I took the girls to see Kirsten at the hospital tonight. Kirsten had a difficult day, and it showed. It was very nice, though, for the girls to see her and for her to see them. The mood was somber, but with a lot of love (with an almost urgent, purposeful feel, which is weird). This situation has been difficult for us all; the gravity of Kirsten’s declining health was evident in her watery eyes.
Kirsten has not had another hypertensive crisis episode since Wednesday morning, but she is in constant pain and her blood pressure rises to the 150+ mmHg (systolic) range. They are running a twenty-four-hour urine test again, telling her they can only test one thing at a time. The serum in blood test showed negative for pheochromocytoma, but they want to be confident of ruling it out with the urine test.
Dr. Isacke suggested cementing her fractured vertebrae (vertebroplasty) to provide support, as well as manipulative therapy of her spine. Dr. David Keller stopped by today and did the therapy.
Dr. Hedly, head of the resident endocrinology team, as well as Dr. Kulke, Kirsten’s oncologist at Dana-Farber Cancer Institute, thinks the chemotherapy targeted cell lysing is causing hormones (catecholamines) to be released causing high blood pressure spikes. I’m curious how that’s possible, since her tumors are pituitary, which does not secrete catecholamines. I was at work today, and not available to talk to the doctors and ask follow-up questions. I would also like to know why they were hesitant to diagnose anything before completing the myriad tests, but now are quite confident despite not having received the results. Perhaps they just needed time and consulting with each other to narrow down based on what they already know.

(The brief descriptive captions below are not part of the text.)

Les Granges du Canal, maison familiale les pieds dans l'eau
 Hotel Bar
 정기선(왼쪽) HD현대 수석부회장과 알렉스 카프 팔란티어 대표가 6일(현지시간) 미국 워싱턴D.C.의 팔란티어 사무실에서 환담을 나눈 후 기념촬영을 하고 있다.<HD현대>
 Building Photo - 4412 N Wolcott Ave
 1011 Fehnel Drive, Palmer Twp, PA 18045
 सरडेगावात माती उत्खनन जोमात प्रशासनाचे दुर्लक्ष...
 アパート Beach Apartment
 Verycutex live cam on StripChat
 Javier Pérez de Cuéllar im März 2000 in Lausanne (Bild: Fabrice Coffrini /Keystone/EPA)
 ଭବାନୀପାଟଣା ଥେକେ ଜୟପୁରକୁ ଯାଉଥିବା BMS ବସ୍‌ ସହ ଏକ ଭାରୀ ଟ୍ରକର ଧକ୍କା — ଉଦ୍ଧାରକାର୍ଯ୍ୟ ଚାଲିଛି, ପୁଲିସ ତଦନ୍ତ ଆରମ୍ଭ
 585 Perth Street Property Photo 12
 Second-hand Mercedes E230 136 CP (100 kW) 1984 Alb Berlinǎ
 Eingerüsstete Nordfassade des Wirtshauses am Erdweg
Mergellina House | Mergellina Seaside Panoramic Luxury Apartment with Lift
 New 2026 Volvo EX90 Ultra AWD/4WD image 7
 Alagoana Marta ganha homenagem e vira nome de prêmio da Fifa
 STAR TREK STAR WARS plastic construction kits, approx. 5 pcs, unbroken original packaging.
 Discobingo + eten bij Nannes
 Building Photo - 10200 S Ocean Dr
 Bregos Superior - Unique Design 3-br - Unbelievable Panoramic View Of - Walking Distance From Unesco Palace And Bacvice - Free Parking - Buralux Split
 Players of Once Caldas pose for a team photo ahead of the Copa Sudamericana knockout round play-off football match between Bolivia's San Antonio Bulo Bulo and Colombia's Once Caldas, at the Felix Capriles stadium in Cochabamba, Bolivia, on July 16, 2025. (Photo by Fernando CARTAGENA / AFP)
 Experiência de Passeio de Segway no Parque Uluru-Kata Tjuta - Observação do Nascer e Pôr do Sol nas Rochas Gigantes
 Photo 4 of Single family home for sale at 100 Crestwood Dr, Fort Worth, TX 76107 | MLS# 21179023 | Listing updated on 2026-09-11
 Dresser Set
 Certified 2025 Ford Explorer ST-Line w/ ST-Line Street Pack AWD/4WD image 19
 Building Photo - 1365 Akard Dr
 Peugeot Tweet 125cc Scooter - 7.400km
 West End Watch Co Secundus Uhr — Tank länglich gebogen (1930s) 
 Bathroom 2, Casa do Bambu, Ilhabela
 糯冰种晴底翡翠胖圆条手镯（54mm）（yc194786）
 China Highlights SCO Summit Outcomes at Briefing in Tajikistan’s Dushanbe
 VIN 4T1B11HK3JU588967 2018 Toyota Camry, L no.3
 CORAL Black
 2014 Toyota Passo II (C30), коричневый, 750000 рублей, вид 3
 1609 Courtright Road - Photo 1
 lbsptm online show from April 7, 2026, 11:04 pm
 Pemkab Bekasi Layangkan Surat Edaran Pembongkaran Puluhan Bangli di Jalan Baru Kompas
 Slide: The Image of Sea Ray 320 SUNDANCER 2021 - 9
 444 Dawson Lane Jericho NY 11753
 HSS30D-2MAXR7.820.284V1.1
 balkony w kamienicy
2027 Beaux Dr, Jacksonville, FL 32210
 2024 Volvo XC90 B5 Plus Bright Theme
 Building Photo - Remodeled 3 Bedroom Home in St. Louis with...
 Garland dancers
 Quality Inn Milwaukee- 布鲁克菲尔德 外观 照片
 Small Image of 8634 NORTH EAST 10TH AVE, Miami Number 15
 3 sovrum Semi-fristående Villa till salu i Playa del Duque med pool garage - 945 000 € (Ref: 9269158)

While we were hoping Kirsten would come home today, that obviously didn’t happen. She has to be in the hospital to finish the urine collection. After that, they’re going to start her on blood pressure medication, which she will continue at home. They have talked about sending her home with a blood pressure monitoring machine, but that was apparently decided against because heart rate is more easily monitored at home. They will keep her in the hospital until her blood pressure is stabilized. I have no idea how long that might be, obviously.
Because they suspect these current issues are caused by the chemotherapy, they are suggesting a scheduled inpatient stay next month during the course. Also, Dr. Kulke would like to see her in Boston next week, even though our scheduled follow-up isn’t until the end of May. I’m not confident she’ll be strong enough to travel to Boston next week (at least not on the train and subways).
Kirsten is pretty down. Hope and optimism have been mostly replaced with a sober realization of the seriousness of the prognosis and imagining what the future is likely to entail. I hate that someone as sweet and caring and giving and selfless as Kirsten has to suffer as much physically and emotionally as she has. I will never understand what drives people to double-down on god when confronted with these difficult situations. Random is depressing and unfortunate; “Purpose” would be inexcusable and infuriating.
Thank you all, again, for your many kindnesses. We need you now more than ever.